INFORMATION SHOWN:
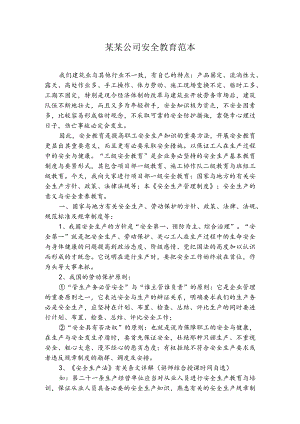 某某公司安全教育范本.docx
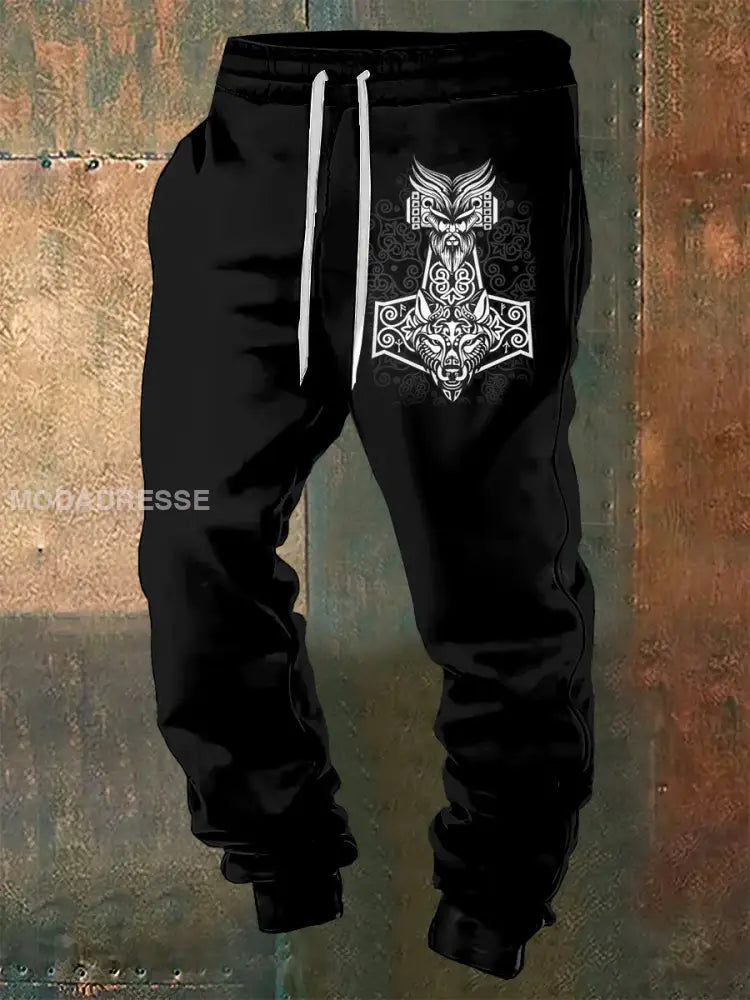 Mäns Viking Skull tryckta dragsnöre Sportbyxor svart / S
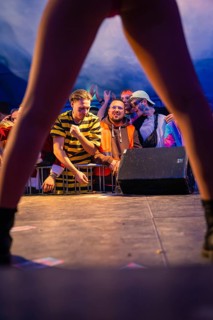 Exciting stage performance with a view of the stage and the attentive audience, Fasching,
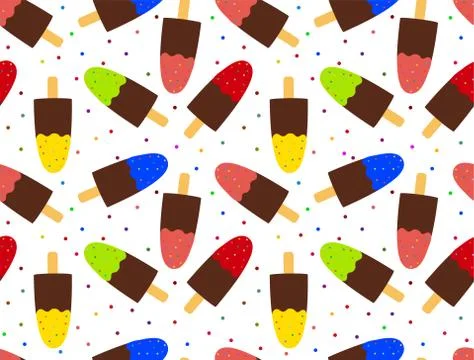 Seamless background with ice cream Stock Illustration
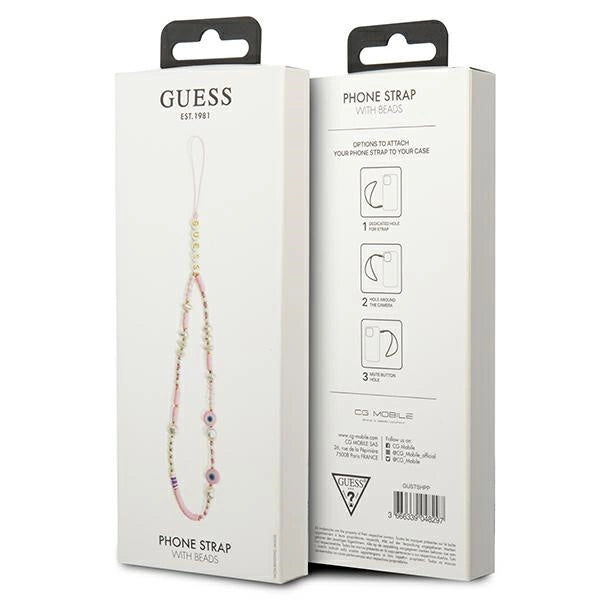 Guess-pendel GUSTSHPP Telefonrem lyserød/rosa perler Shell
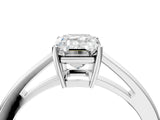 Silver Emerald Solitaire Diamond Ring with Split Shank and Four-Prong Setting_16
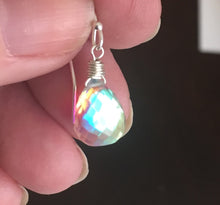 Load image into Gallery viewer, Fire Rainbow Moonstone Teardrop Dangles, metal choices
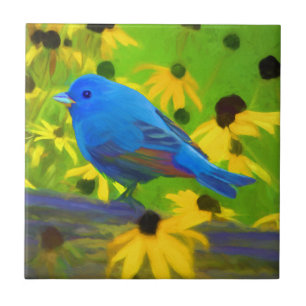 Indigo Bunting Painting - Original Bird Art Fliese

--

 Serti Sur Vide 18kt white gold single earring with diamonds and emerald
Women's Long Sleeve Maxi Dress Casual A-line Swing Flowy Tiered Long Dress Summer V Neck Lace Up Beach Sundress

...

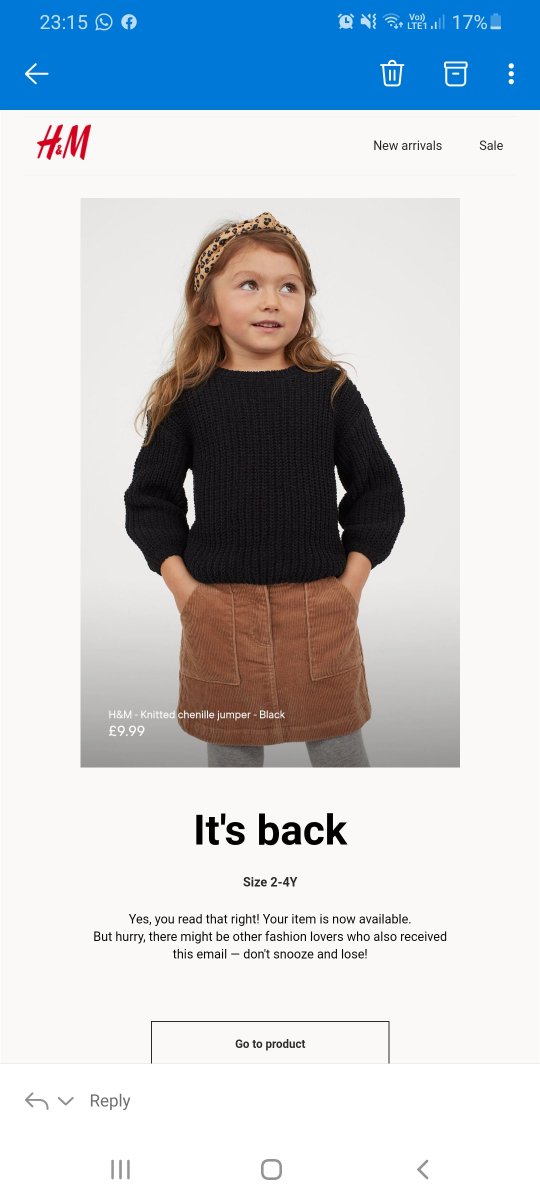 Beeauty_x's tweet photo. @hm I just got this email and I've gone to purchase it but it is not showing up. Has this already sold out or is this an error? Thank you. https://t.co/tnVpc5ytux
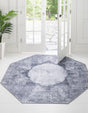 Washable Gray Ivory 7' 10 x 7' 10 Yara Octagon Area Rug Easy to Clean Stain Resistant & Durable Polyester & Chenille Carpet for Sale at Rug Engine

PROBLEM DESCRIPTION:
Begin at the line in the entries above that has "Mäns Viking Skull", stop after the line that has "Indigo Bunting Painting", and output exactly those lines without pictures.

TASK ANSWER:
 Mäns Viking Skull tryckta dragsnöre Sportbyxor svart / S
 Exciting stage performance with a view of the stage and the attentive audience, Fasching,
 Seamless background with ice cream Stock Illustration
 Guess-pendel GUSTSHPP Telefonrem lyserød/rosa perler Shell
 Silver Emerald Solitaire Diamond Ring with Split Shank and Four-Prong Setting_16
 Load image into Gallery viewer, Fire Rainbow Moonstone Teardrop Dangles, metal choices
 Indigo Bunting Painting - Original Bird Art Fliese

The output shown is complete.